* **RECORDED INFORMATION**
============
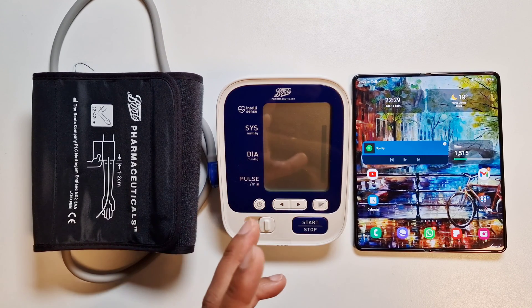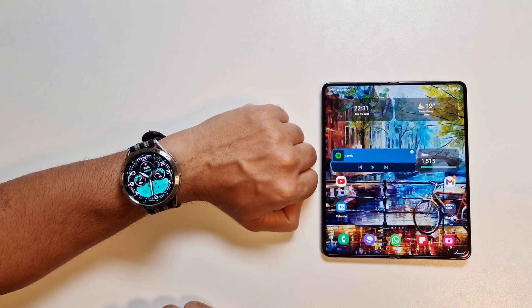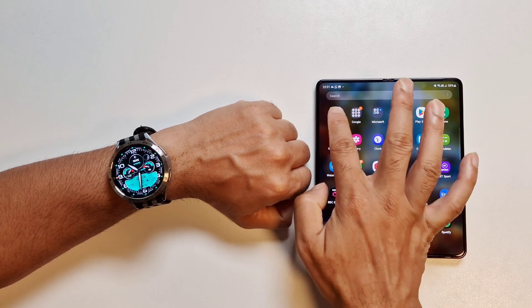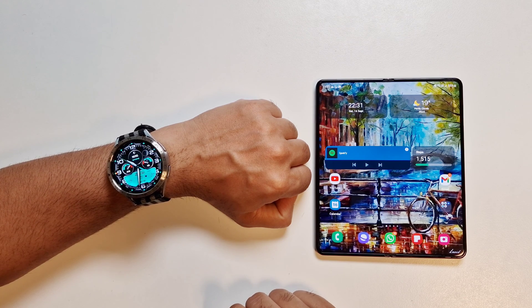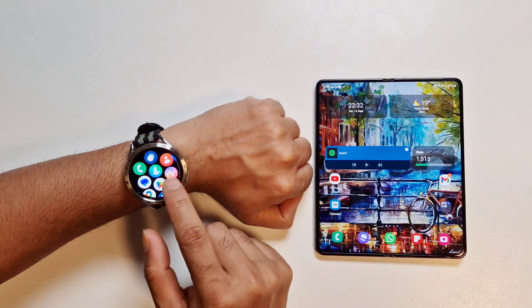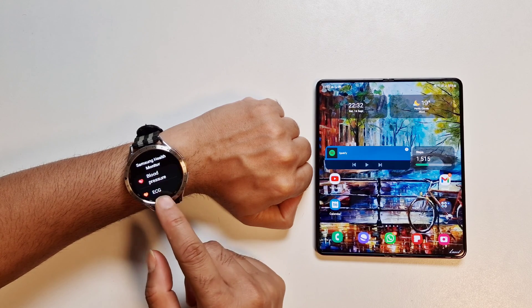We'll move the medical device out of the way because we need to start with the watch and phone. The watch comes with the app pre-installed, but the Samsung Health Monitoring app you have to install on your phone. If you don't have it, once you start using your watch it will prompt you to download it. On your watch, open Samsung Health Monitor and under that you've got Blood Pressure.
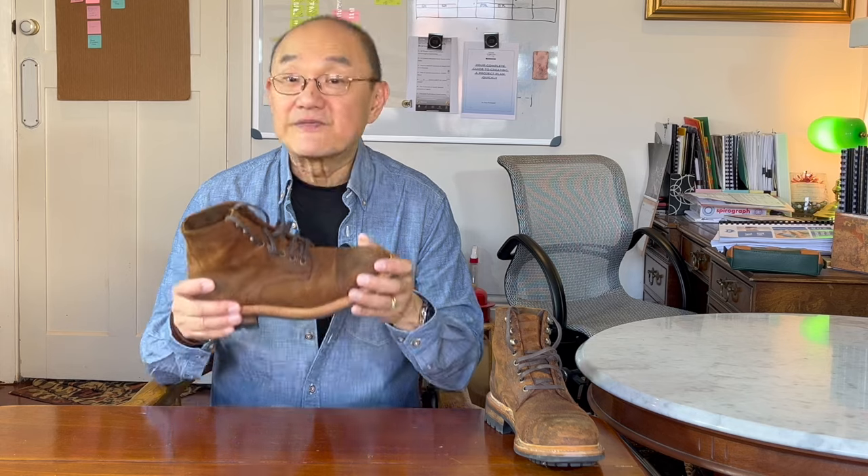I've reviewed a few Parkhurst boots recently, like the other Delaware and Mariam's Veg10 horse butt. So I'm not going to repeat myself too much about the brand as you can go and watch my other videos. But for those of you who are a bit too lazy, then very quickly.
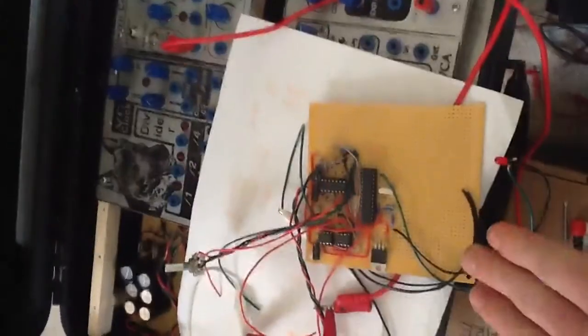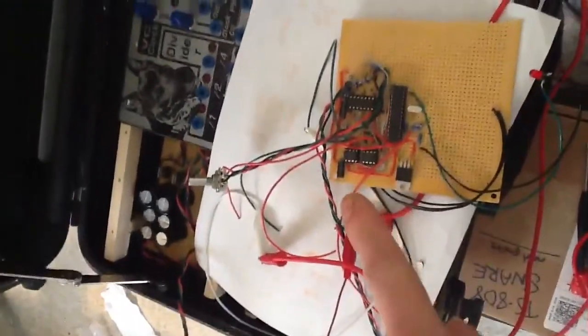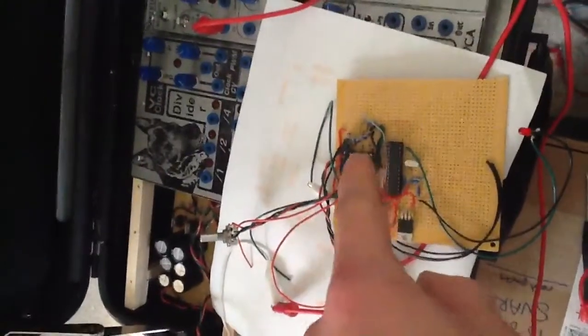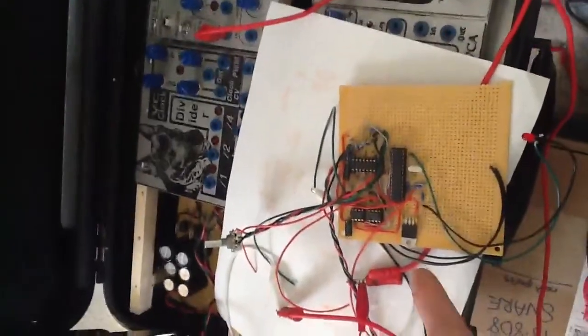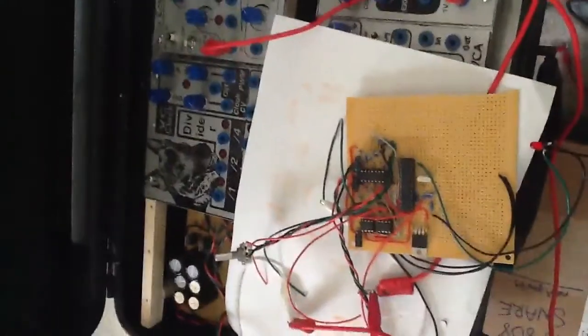Alright, first Arduino project down — got a control voltage quantizer. The code I got from a nice gentleman in Japan, which I'll link below. Perf boarded it up. It's got two 12-bit DACs, Arduino, TL74 buffering, and a 5-volt regulator. It's four channels — four ins, four outs — and you can change the scale it quantizes to with this pot here. I'm going to cycle through the scales just to give an example.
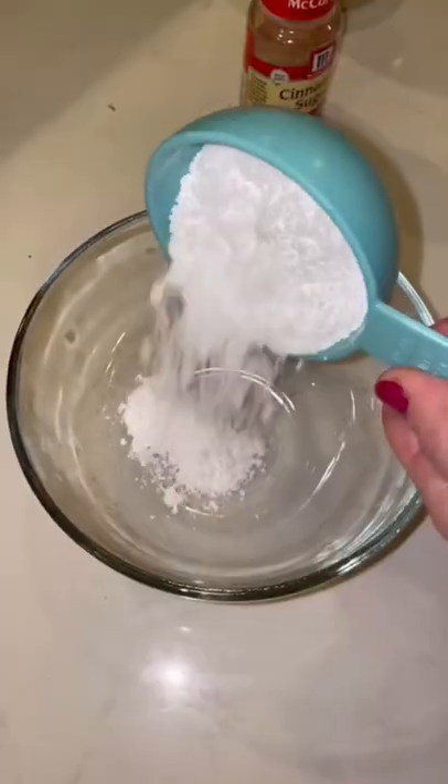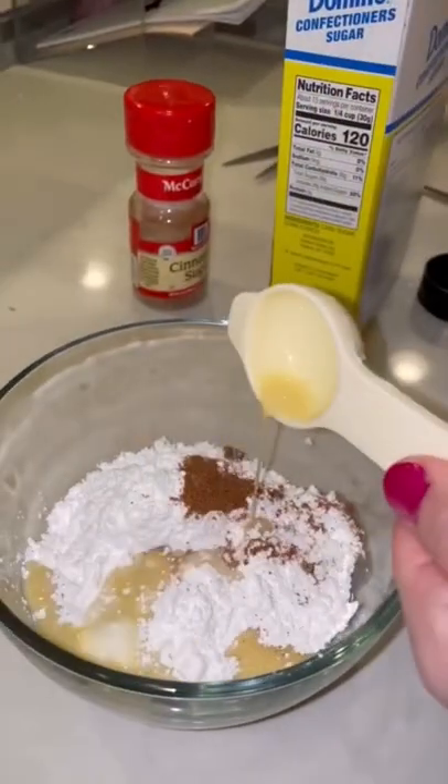While the cookies were baking, I made an eggnog glaze with one cup of powdered sugar, one teaspoon of nutmeg, and two tablespoons of eggnog.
============
* **WHAT IS NEEDED**
Beginning with the line that holds "Alright, first Arduino", extract every line to the end of the material, exactly as it stands, and drop the pictures.

* **WRITTEN SOLUTION**
Alright, first Arduino project down — got a control voltage quantizer. The code I got from a nice gentleman in Japan, which I'll link below. Perf boarded it up. It's got two 12-bit DACs, Arduino, TL74 buffering, and a 5-volt regulator. It's four channels — four ins, four outs — and you can change the scale it quantizes to with this pot here. I'm going to cycle through the scales just to give an example.
While the cookies were baking, I made an eggnog glaze with one cup of powdered sugar, one teaspoon of nutmeg, and two tablespoons of eggnog.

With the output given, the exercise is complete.